Crawled caption data:

======

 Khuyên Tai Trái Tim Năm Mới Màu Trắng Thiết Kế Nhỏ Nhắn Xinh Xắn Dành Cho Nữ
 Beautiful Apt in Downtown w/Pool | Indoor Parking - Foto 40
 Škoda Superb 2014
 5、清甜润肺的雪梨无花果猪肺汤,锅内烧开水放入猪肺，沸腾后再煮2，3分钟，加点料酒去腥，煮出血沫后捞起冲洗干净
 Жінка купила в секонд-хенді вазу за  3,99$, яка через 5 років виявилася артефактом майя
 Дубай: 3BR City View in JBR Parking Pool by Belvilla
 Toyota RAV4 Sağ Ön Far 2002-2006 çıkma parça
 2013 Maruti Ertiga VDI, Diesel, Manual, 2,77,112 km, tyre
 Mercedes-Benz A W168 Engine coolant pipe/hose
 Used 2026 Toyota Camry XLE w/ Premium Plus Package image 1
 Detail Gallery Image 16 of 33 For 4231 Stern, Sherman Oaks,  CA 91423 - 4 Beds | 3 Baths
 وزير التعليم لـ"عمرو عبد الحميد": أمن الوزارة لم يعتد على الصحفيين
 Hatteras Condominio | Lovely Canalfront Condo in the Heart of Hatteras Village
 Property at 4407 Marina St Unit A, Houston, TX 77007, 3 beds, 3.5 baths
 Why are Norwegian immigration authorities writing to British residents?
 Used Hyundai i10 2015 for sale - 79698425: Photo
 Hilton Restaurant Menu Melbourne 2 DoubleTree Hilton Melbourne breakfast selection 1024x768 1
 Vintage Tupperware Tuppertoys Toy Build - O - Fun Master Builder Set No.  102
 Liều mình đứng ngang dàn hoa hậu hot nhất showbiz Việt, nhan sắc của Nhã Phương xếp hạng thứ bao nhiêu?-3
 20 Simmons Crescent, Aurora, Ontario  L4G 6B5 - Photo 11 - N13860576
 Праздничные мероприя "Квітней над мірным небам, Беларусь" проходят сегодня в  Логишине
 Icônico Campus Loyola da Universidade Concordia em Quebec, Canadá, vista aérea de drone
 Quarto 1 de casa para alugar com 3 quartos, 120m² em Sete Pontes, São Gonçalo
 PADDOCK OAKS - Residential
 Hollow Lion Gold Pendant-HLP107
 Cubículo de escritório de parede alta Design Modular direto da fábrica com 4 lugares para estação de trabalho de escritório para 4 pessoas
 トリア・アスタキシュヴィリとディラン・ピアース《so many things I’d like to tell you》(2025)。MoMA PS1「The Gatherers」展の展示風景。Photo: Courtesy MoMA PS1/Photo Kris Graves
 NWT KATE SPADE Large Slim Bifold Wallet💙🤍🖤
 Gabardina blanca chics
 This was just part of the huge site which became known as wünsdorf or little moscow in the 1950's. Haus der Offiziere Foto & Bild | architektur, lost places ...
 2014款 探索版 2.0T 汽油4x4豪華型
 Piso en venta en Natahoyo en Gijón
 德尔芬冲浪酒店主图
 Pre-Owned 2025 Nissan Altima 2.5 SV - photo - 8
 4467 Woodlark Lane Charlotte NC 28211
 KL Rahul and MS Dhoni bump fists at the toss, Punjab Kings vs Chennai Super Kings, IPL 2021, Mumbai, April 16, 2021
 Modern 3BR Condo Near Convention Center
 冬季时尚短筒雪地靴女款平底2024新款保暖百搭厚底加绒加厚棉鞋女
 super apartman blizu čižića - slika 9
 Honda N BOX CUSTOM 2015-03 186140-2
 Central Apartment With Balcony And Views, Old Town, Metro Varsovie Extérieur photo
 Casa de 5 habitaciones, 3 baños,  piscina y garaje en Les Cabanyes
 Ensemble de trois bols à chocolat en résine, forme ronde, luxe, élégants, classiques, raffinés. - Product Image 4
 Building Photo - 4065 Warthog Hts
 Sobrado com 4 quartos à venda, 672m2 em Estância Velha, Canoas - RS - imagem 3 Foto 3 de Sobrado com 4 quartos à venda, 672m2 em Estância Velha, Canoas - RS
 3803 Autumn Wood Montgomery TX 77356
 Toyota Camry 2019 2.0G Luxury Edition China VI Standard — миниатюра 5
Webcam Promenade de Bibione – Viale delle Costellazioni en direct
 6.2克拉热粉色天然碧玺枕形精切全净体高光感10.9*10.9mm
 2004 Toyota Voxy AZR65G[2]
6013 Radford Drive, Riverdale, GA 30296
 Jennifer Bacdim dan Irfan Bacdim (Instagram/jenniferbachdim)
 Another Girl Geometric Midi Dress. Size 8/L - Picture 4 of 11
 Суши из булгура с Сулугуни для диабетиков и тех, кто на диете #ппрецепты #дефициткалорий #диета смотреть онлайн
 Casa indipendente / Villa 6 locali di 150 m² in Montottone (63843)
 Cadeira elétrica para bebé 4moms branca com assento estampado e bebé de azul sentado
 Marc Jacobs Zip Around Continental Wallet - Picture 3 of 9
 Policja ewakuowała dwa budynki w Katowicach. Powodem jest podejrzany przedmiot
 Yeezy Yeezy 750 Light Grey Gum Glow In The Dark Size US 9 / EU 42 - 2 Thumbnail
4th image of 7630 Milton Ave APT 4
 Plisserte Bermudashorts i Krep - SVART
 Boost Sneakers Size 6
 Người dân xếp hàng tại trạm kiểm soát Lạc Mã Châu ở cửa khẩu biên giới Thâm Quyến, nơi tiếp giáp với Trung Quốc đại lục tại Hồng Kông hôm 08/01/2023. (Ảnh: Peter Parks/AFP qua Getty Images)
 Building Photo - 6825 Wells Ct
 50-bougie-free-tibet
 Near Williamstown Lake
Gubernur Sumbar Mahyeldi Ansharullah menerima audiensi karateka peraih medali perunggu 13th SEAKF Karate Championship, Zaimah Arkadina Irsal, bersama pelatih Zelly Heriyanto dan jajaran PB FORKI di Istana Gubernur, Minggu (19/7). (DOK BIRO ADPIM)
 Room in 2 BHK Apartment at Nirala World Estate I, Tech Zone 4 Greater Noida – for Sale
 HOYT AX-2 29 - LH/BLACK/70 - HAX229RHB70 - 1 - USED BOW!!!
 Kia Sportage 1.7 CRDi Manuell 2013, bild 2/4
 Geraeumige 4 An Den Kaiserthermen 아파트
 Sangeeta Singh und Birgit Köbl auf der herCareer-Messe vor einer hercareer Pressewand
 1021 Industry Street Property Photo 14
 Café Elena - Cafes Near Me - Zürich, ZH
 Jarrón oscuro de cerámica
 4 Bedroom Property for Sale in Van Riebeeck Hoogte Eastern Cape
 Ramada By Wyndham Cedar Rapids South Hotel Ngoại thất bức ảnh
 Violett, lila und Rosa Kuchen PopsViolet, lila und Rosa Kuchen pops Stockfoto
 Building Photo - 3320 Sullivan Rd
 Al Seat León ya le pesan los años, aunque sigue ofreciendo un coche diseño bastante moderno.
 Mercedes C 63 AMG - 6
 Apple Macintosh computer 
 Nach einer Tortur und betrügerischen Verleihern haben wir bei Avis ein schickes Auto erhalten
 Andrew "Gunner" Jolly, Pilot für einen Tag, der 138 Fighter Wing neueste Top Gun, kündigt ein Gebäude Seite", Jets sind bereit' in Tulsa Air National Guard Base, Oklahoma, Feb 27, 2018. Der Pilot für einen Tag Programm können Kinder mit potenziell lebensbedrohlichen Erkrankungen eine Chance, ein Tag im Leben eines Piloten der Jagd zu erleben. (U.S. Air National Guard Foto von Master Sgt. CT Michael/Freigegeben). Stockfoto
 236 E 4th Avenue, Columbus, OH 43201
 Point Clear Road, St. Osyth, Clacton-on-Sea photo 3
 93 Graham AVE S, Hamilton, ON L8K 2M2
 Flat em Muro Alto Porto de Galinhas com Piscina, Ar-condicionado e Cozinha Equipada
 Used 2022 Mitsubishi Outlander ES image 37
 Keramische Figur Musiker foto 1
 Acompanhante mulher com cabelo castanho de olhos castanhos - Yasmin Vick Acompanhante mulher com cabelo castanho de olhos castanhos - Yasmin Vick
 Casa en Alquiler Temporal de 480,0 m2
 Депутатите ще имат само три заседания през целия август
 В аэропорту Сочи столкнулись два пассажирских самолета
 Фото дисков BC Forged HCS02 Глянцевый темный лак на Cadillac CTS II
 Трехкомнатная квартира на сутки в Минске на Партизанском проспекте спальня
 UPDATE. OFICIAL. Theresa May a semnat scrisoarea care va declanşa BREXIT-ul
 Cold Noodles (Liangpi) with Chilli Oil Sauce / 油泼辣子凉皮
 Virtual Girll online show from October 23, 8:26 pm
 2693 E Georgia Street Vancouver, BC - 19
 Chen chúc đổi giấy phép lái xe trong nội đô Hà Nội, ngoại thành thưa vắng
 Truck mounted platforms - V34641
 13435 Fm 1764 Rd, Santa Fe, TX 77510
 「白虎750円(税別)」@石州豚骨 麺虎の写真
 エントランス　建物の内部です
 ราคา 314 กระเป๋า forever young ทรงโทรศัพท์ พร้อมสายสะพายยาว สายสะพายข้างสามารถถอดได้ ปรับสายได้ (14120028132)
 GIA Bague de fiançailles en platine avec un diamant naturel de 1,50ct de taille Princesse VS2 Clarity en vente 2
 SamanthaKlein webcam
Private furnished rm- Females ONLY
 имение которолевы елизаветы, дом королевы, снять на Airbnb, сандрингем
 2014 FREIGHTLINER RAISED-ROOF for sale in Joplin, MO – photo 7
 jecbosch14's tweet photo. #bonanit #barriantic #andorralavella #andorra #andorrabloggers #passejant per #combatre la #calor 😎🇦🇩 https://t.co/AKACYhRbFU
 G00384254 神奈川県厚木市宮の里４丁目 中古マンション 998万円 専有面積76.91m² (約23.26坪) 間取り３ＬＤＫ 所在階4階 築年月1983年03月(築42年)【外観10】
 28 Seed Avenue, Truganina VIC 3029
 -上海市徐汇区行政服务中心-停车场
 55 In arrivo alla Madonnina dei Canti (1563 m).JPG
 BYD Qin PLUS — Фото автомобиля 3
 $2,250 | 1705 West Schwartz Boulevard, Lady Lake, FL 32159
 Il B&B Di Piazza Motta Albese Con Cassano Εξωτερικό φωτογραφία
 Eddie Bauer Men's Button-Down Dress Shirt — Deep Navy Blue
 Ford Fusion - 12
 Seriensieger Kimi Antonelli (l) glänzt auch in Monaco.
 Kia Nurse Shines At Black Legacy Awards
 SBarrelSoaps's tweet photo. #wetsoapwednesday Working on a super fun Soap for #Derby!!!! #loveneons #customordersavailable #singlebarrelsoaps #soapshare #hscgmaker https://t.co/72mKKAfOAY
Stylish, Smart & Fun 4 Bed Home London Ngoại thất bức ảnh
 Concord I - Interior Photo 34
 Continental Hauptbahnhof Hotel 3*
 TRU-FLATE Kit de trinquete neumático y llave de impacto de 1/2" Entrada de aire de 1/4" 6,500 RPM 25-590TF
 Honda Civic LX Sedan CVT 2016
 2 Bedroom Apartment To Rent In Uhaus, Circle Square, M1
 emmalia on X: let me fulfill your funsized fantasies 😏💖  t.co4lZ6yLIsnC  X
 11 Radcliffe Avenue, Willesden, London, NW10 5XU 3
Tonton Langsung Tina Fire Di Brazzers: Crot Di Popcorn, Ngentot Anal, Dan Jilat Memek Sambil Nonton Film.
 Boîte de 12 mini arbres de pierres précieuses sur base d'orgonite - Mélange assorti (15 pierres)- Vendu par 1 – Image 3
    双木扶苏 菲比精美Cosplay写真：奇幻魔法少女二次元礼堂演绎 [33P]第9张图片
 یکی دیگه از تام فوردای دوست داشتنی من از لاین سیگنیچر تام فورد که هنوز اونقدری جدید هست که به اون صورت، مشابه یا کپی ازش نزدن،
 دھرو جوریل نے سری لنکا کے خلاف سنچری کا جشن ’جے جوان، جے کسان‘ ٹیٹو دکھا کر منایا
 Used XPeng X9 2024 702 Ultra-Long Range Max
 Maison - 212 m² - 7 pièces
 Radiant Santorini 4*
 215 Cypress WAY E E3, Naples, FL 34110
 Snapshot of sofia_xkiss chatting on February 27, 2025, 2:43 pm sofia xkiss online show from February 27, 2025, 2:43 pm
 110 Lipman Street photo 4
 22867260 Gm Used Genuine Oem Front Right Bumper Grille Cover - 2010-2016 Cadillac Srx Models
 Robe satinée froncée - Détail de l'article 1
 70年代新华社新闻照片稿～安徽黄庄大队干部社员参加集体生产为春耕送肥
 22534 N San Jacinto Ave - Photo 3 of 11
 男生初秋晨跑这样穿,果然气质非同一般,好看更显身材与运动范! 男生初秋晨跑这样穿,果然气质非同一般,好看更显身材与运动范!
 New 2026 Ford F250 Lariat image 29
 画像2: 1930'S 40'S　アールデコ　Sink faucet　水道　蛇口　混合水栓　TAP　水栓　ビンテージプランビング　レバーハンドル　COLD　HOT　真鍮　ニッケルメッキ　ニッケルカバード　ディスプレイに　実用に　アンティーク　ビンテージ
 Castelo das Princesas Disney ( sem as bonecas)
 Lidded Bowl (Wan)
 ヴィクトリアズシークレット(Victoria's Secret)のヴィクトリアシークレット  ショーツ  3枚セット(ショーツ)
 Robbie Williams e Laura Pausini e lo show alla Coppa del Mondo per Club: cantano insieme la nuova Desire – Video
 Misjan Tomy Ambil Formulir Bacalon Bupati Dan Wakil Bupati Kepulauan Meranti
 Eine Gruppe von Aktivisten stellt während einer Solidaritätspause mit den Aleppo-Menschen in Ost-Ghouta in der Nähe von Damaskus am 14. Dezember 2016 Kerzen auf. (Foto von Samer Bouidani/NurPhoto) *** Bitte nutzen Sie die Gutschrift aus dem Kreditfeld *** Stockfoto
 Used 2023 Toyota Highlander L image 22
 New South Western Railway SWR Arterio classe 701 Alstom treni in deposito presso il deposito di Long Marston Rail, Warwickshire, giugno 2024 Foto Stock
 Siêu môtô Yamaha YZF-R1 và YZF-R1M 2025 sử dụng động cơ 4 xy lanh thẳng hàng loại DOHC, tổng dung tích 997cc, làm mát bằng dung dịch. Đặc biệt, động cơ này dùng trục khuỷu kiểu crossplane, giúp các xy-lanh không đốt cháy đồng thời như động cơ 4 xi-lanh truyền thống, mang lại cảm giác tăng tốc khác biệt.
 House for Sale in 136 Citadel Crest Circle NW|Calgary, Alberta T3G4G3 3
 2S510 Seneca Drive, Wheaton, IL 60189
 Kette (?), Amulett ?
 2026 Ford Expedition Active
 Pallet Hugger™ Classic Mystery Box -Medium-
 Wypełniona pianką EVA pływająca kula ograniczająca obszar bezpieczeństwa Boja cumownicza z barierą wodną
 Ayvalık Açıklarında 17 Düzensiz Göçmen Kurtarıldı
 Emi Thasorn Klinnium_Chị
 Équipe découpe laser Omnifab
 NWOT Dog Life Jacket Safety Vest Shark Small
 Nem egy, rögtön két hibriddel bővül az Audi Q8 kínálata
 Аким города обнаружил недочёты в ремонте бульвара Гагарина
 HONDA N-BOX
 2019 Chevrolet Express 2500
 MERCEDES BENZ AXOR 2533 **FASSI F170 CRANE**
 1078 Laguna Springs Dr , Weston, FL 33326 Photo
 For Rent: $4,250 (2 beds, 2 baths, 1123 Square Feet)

======

DIRECTIONS =>
From the data above, reproduce word for word the lines running from the line with "Cubículo de escritório" to the line with "4467 Woodlark Lane Charlotte NC 28211", ends included.

RESPONSE AREA =>
 Cubículo de escritório de parede alta Design Modular direto da fábrica com 4 lugares para estação de trabalho de escritório para 4 pessoas
 トリア・アスタキシュヴィリとディラン・ピアース《so many things I’d like to tell you》(2025)。MoMA PS1「The Gatherers」展の展示風景。Photo: Courtesy MoMA PS1/Photo Kris Graves
 NWT KATE SPADE Large Slim Bifold Wallet💙🤍🖤
 Gabardina blanca chics
 This was just part of the huge site which became known as wünsdorf or little moscow in the 1950's. Haus der Offiziere Foto & Bild | architektur, lost places ...
 2014款 探索版 2.0T 汽油4x4豪華型
 Piso en venta en Natahoyo en Gijón
 德尔芬冲浪酒店主图
 Pre-Owned 2025 Nissan Altima 2.5 SV - photo - 8
 4467 Woodlark Lane Charlotte NC 28211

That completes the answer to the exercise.